*** Dataset records ***

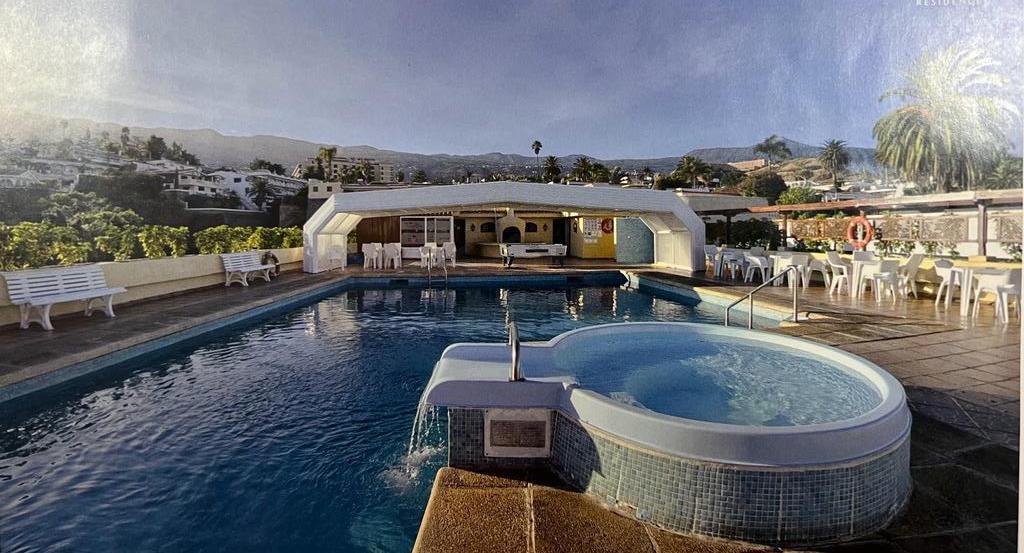 Vente de studio dans Puerto de la Cruz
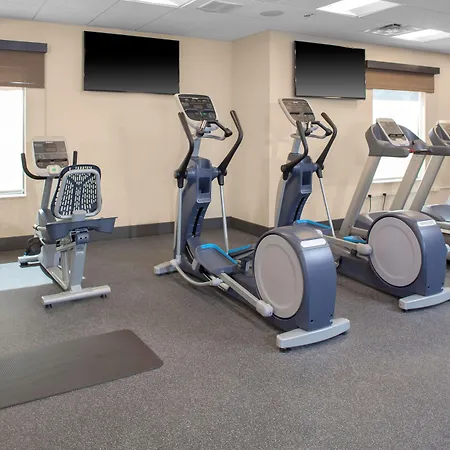 Hampton Inn & Suites Chicago-Burr Ridge-2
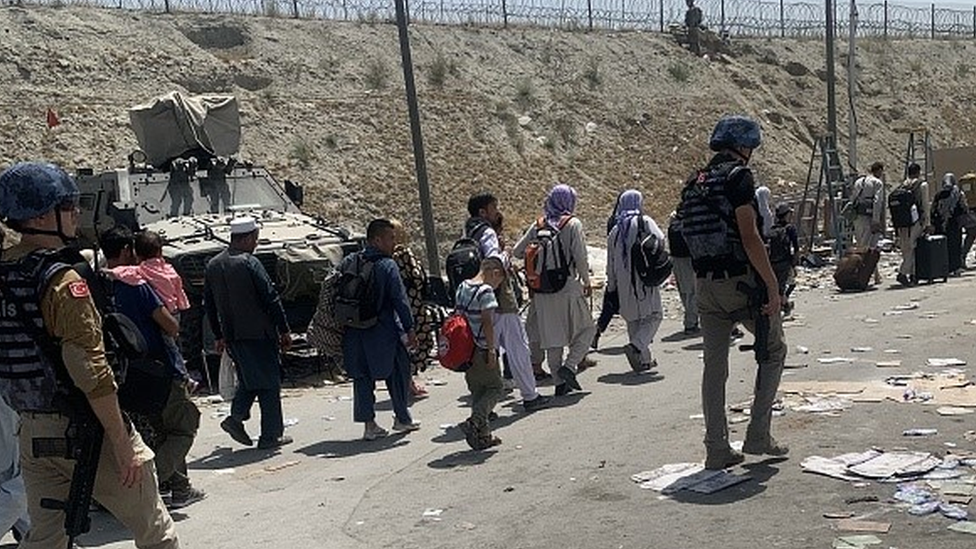 Tahliyeler ve çekilme sonrası uluslararası kuruluşlar Afganistan’da kalacak mı?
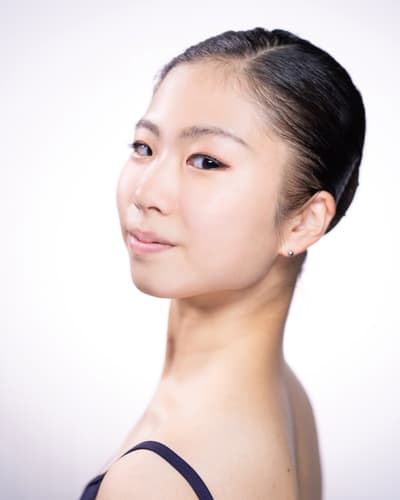 Miyu Fujikura — Classical dancer, Japan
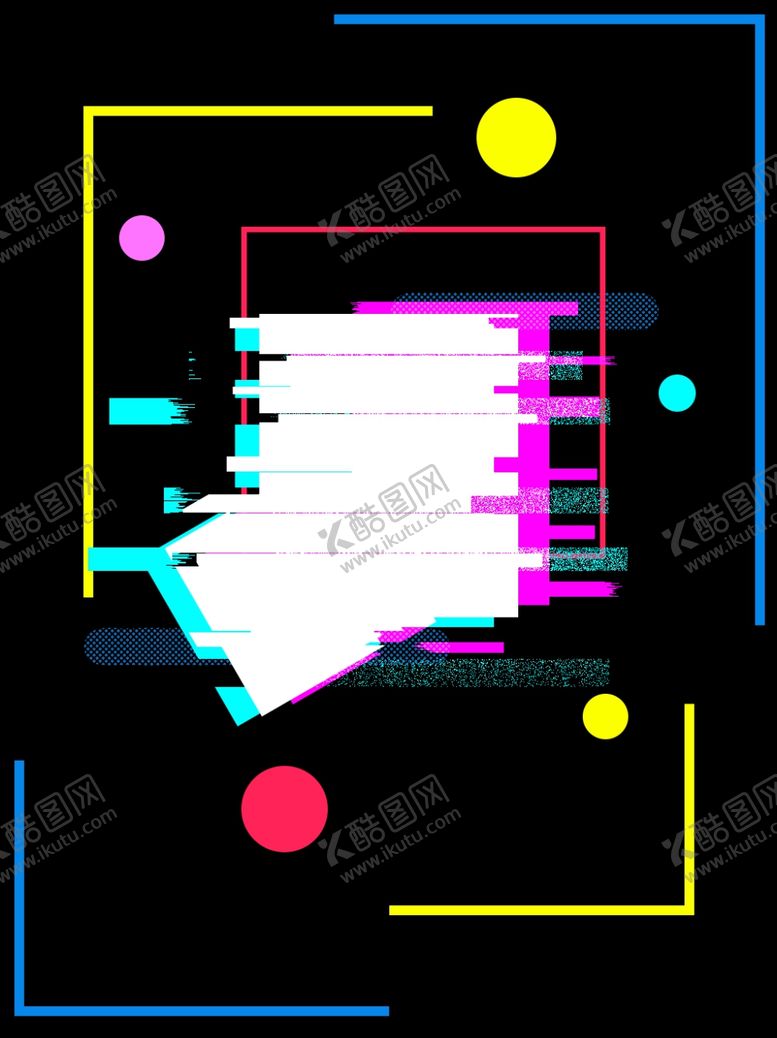 编号：24156310050330052198【酷图网】源文件下载-几何背景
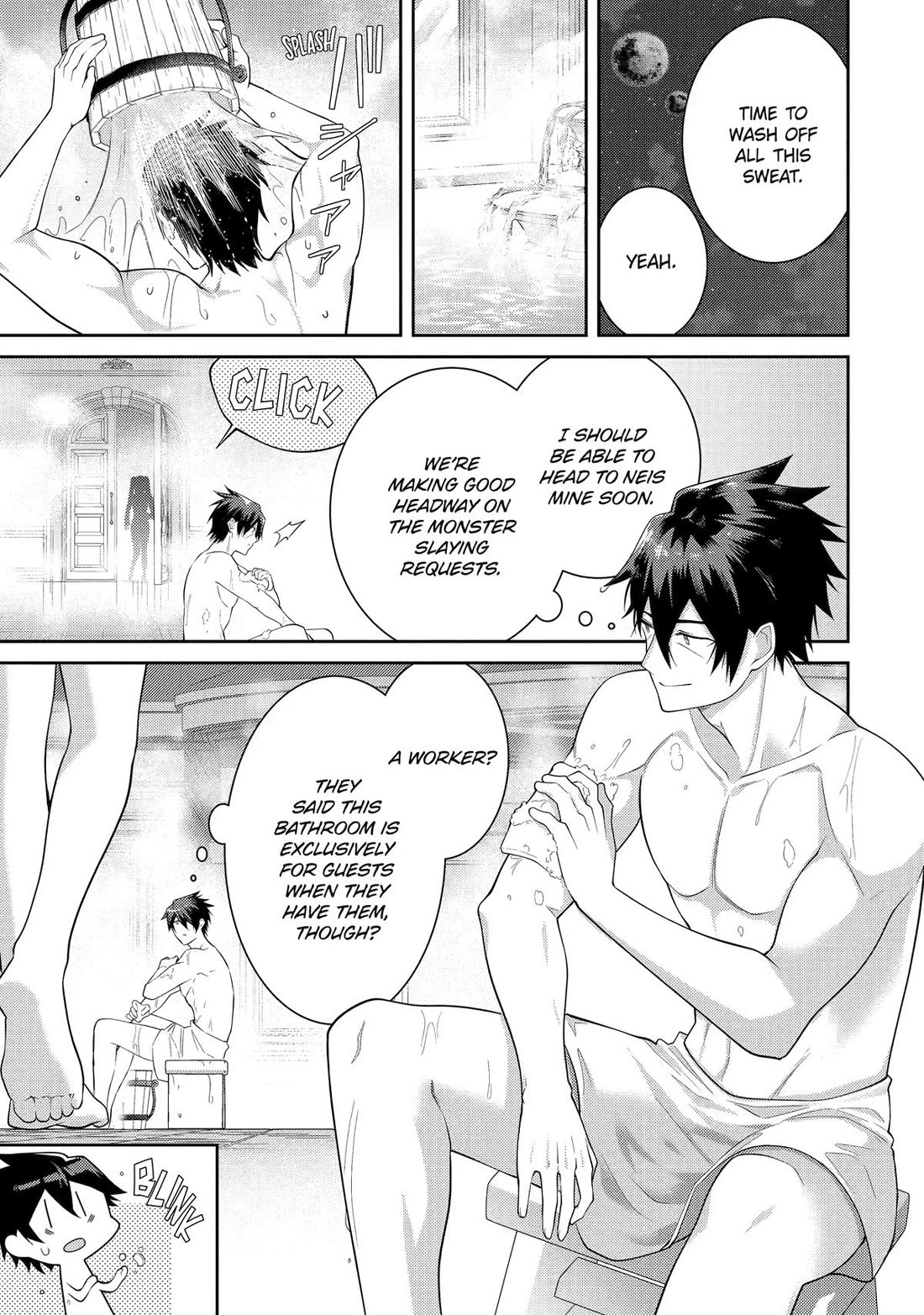 The Labyrinth Raids of the Ultimate Tank ~The Tank Possessing a Rare 9,999 Endurance Skill was Expelled from the Hero Party~ Chapter 58 page 21 - Chapter 58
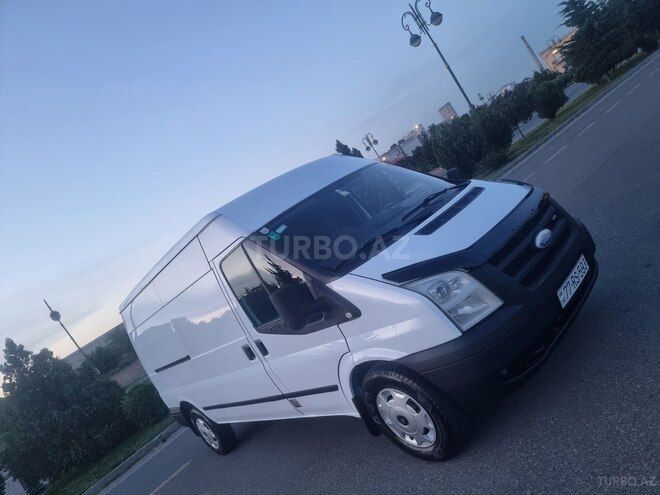 Ford Transit 2008, 277,000 km - 2.4 л - Bakı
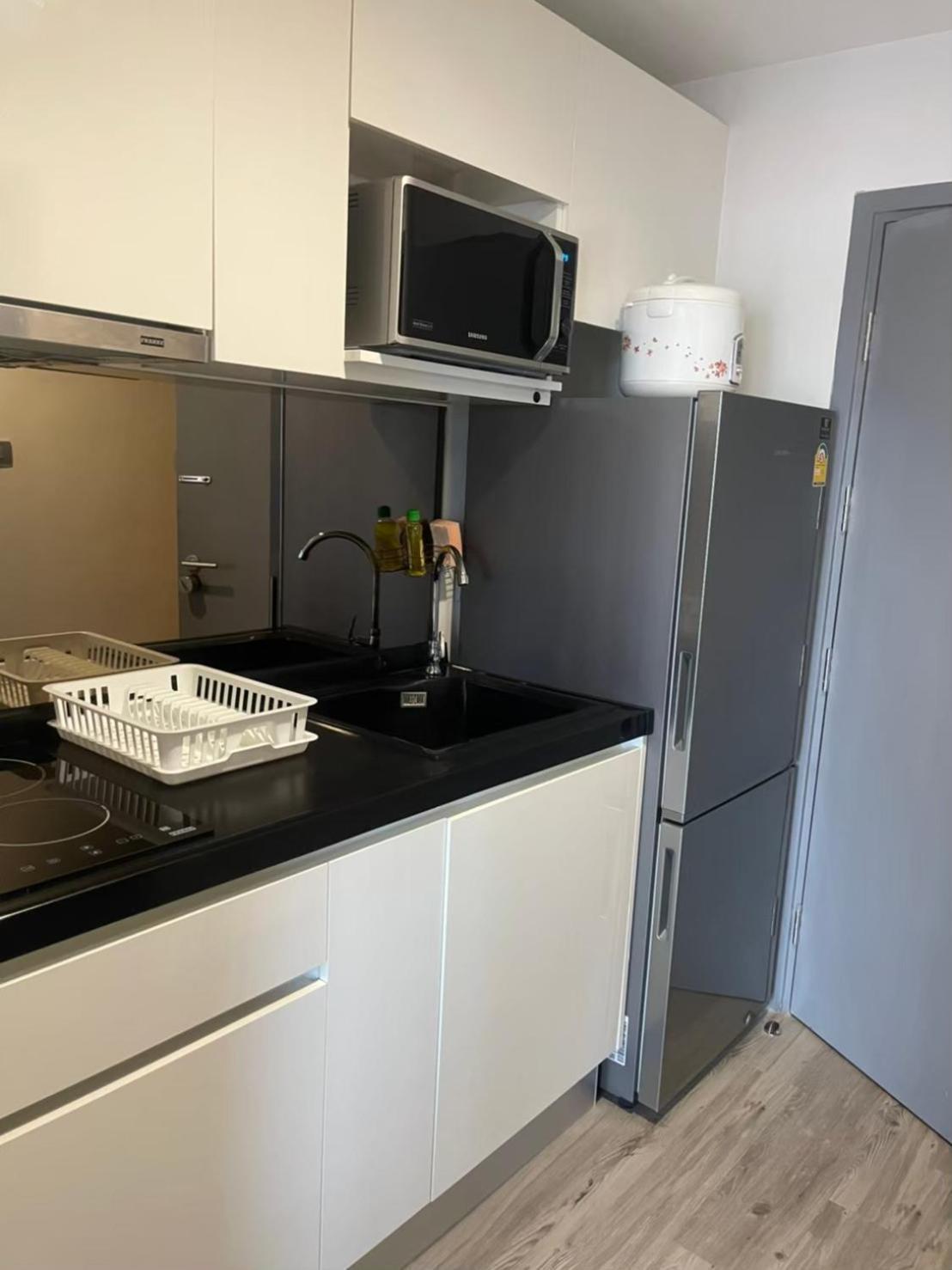 D2 Residences Huahin 华欣市中心近海滩近商场酒店式公寓可加床有连通房型 חדר תמונה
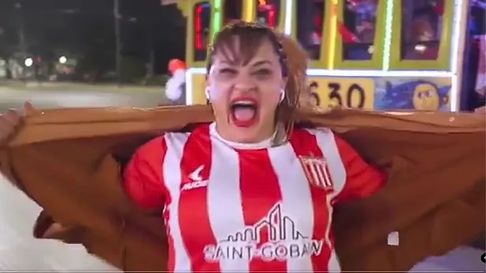 el dia que locomotora oliveras hizo un videoclip con la de estudiantes el dia que locomotora oliveras hizo un videoclip con la de estudiantes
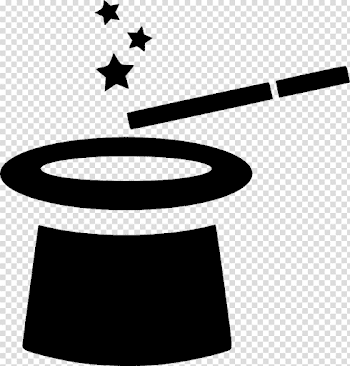 Magic Hat PNG Photo
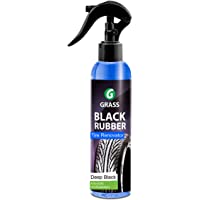 Detailshop.es | Black Rubber ABRILLANTADOR DE NEUMÁTICOS- Ruedas y plasticos - Sin siliconas 250ml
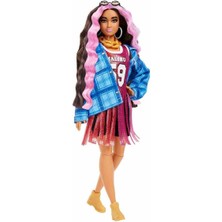 Barbie Extra Bebek ve Aksesuarları GRN27 HDJ46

***

*Your objective:* Omit all pictures, and repeat exactly the lines from the line containing "Detailshop.es | Black" through the end of the data.

*Solution:*
 Detailshop.es | Black Rubber ABRILLANTADOR DE NEUMÁTICOS- Ruedas y plasticos - Sin siliconas 250ml
 Barbie Extra Bebek ve Aksesuarları GRN27 HDJ46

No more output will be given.